I took the ferry from Port Angeles, Washington to Victoria, BC. I was blessed with a clear day for the crossing, so I was treated to awesome views of the Olympic Mountains and the Strait of Juan de Fuca.
Victoria is a beautiful city.
I spent the night in Victoria, then headed out to the trail the next morning. Heading from north to south, the first 6 miles (10 km) are deceptively easy, along a flat, well maintained, dry trail.
Parks Canada was nice enough to put kilometer markers along the entire route. The sign for 1 km was missing.
There were two lighthouses along the trail - a small taste of civilization in the wilds of Vancouver Island.
Much of the hike is (as the name "West Coast Trail" might suggest) along the beach. I spent my first afternoon and evening hiking along this wonderful stretch of sand. This is the view from my tent that first night. Awesome!
There were lots of small creeks and waterfalls along the trail, providing beauty and cold drinking water.
I spent most of my second day hiking along the beach as well. Here is the famous "Hole in the Wall". I hiked through it since the tide was quite low.
This is Nitinat Narrows, a river that is obviously a little too big to hike across. A ferryman picks up hikers and takes them across the river from 10 am to 4 pm. I hiked very quickly all afternoon to make sure I didn't miss the boat - I arrived at 3:45!
The ferryman also goes crabbing...
And will cook one up for you (accompanied by an ice-cold microbrew) for a small fee.
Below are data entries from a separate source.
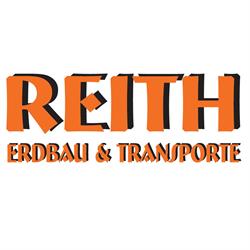 Erdbau & Transporte Reith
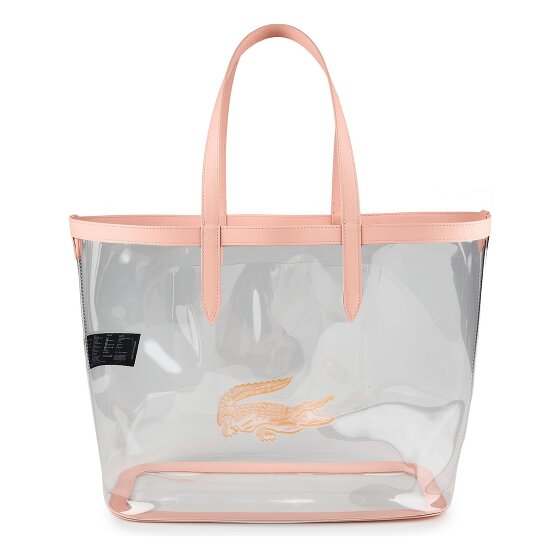 Lacoste Anna Shopper Tas 46 cm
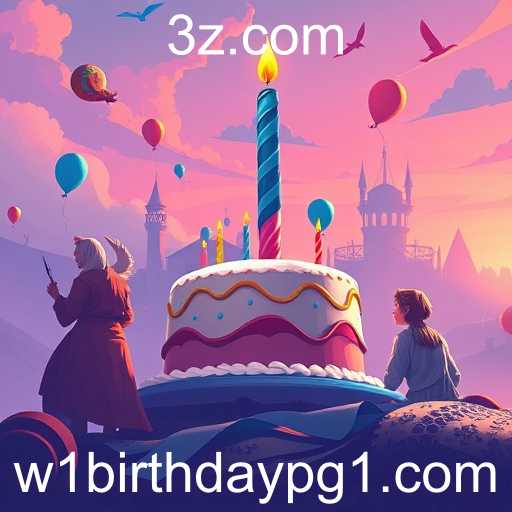 Nova Estrutura do Mundo dos Jogos Online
I camped on this beach my second night. Imagine mile after mile of these pristine, wild beaches, with virtually no other people around. The pictures don't even come close to showing how amazing the WCT was.
My third morning was probably my favorite time on the hike. I walked along the beach for hours, stopping to investigate all the tidepools along the way. I saw lots of cool sea life, including this little guy who appeared ready for a fight. Maybe he was mad at me for eating his big brother the day before.
There were a few starfish, too. In addition to the tidepool critters, I saw humpback whales, sea lions, deer, mice, pine martens, bald eagles, and lots of sea birds. Thankfully, I didn't bump into any bears, cougars, or wolves!
That same morning (when I was already in a good mood from the beautiful beach walk), I stopped for breakfast at Chez Monique, a small cafe on the beach along the trail. Prices were much higher than you'd find in the outside world, but I was more than willing to spend some of my Canadian dollars to get some real food in me.
The best $20 I've ever spent: bacon, eggs, toast, hash browns, an orange, and a Coke. Seriously, I felt like Superman after breakfast.
The best $20 I've ever spent: bacon, eggs, toast, hash browns, an orange, and a Coke. Seriously, I felt like Superman after breakfast.
In many ways, the West Coast Trail is a sort of obstacle course. The trail is well known for its cable cars, used to cross rivers that are too deep to walk across. Riding the cable cars was great fun - it's a quick ride to the middle of the line, but then it's a lot of work to pull the car from there to the other end.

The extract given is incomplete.